Client Management Suite

Expand all | Collapse all

Evt_AeX_Client_LogOn appears to be missing events.

  • 1.  Evt_AeX_Client_LogOn appears to be missing events.

    Posted 6 days ago
    Using some example queries and my own troubleshooting it appears some events are being missed.
    I can query all the events for a specific GUID. In the example below these are the only 4 events on the machine.  Yet, someone else is currently logged in. I never got the logon event.

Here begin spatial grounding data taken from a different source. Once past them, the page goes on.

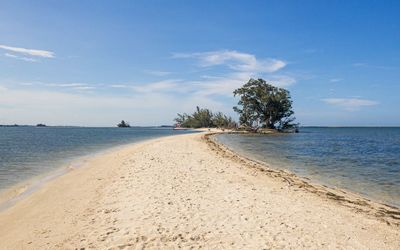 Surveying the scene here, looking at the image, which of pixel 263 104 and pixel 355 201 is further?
pixel 263 104

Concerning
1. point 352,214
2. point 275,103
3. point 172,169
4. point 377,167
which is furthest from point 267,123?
point 352,214

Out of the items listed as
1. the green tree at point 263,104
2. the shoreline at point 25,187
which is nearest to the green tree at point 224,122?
the green tree at point 263,104

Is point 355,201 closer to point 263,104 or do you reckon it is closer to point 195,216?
point 195,216

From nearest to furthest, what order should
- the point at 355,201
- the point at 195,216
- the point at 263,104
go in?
the point at 195,216
the point at 355,201
the point at 263,104

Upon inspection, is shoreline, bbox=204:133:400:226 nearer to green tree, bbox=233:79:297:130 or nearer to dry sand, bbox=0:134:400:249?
dry sand, bbox=0:134:400:249

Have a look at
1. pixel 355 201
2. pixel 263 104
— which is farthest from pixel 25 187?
pixel 263 104

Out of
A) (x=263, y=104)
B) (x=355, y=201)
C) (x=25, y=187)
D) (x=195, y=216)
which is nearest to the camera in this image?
(x=195, y=216)

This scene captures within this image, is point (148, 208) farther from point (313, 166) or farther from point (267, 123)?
point (267, 123)

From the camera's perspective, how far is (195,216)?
8.88 metres

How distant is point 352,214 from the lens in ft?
32.0

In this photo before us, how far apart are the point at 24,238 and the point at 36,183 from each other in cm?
861

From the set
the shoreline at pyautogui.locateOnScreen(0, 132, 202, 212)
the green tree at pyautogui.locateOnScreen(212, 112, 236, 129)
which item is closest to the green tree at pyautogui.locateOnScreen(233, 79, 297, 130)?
the green tree at pyautogui.locateOnScreen(212, 112, 236, 129)

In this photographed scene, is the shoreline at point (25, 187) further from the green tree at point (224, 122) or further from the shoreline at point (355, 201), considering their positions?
the green tree at point (224, 122)

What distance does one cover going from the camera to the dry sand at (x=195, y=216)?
23.8ft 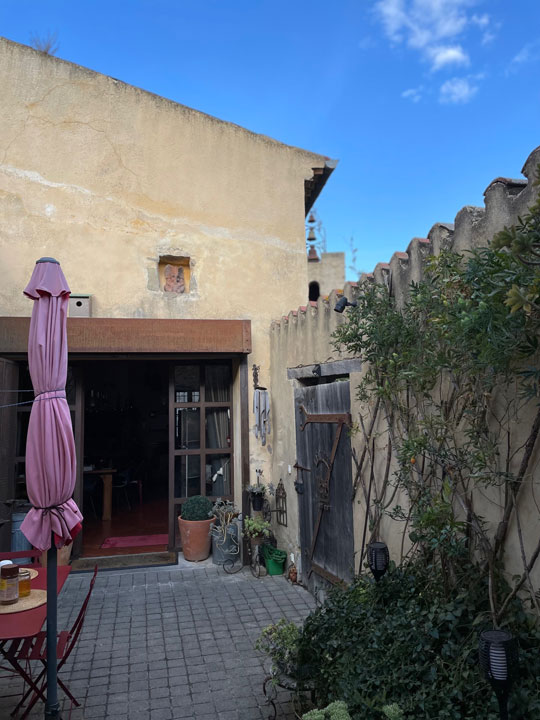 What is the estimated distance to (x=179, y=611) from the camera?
18.0 feet

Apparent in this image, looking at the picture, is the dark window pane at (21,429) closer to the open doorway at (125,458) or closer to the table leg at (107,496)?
the open doorway at (125,458)

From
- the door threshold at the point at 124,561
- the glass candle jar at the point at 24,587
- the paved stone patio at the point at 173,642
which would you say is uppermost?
the glass candle jar at the point at 24,587

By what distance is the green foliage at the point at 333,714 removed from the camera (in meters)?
2.52

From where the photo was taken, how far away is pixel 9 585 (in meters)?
3.74

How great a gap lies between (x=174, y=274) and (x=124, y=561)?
13.1 ft

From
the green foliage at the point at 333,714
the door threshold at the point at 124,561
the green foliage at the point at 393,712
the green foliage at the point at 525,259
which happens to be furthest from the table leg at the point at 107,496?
the green foliage at the point at 525,259

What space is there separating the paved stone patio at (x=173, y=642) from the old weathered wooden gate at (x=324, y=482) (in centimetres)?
56

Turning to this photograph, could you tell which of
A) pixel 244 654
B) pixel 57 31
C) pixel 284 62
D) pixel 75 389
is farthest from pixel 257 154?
pixel 244 654

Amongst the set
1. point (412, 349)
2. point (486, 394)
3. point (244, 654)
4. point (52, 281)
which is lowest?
point (244, 654)

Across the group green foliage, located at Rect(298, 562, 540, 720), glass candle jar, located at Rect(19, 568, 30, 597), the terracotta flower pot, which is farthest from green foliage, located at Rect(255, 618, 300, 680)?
the terracotta flower pot

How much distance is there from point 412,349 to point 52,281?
2.41m

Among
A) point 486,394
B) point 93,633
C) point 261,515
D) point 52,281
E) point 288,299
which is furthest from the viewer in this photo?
point 288,299

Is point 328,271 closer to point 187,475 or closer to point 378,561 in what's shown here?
point 187,475

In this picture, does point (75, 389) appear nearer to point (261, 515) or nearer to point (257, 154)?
point (261, 515)
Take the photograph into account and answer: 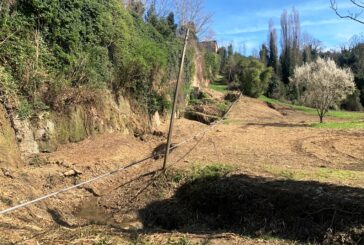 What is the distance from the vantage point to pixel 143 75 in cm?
1780

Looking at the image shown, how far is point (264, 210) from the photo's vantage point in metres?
8.20

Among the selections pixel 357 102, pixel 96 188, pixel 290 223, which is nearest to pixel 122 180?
pixel 96 188

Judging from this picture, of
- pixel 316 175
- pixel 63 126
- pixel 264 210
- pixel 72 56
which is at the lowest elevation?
pixel 264 210

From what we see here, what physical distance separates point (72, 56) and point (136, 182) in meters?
4.80

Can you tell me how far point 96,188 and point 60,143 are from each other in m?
2.23

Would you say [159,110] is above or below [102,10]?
below

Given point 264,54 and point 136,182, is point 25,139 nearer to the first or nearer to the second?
point 136,182

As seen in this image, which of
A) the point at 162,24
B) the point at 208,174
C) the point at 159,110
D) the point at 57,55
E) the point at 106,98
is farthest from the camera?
the point at 162,24

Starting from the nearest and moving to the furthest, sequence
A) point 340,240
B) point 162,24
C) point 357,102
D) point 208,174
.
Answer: point 340,240
point 208,174
point 162,24
point 357,102

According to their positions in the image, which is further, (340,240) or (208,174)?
(208,174)

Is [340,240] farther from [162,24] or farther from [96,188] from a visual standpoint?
[162,24]

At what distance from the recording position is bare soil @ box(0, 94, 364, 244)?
6066mm

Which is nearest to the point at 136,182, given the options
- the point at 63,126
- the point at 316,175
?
the point at 63,126

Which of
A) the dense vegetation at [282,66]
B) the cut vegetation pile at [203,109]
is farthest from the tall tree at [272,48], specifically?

    • Does Evt_AeX_Client_LogOn get populated when someone logs in via RDP instead of the local console?
    • Does Evt_AeX_Client_LogOn support user switching?  In this case I think the person logged in logged in after DOMAIN\greg by doing a "Switch User"

  • 2.  RE: Evt_AeX_Client_LogOn appears to be missing events.

    Broadcom Employee
    Posted 5 days ago
    Edited by Sergei Zjaikin 5 days ago
    The answers to you questions are all Yes, plus multiple sessions on server OS-es are also supported.
    If you're sure that sql query is correct and that your NS does not drop or slowly processes NSE events, then please collect the agent side logs for the time period when undocumented 'logon' occurred. There should be some evidence about user switching and NSE posting.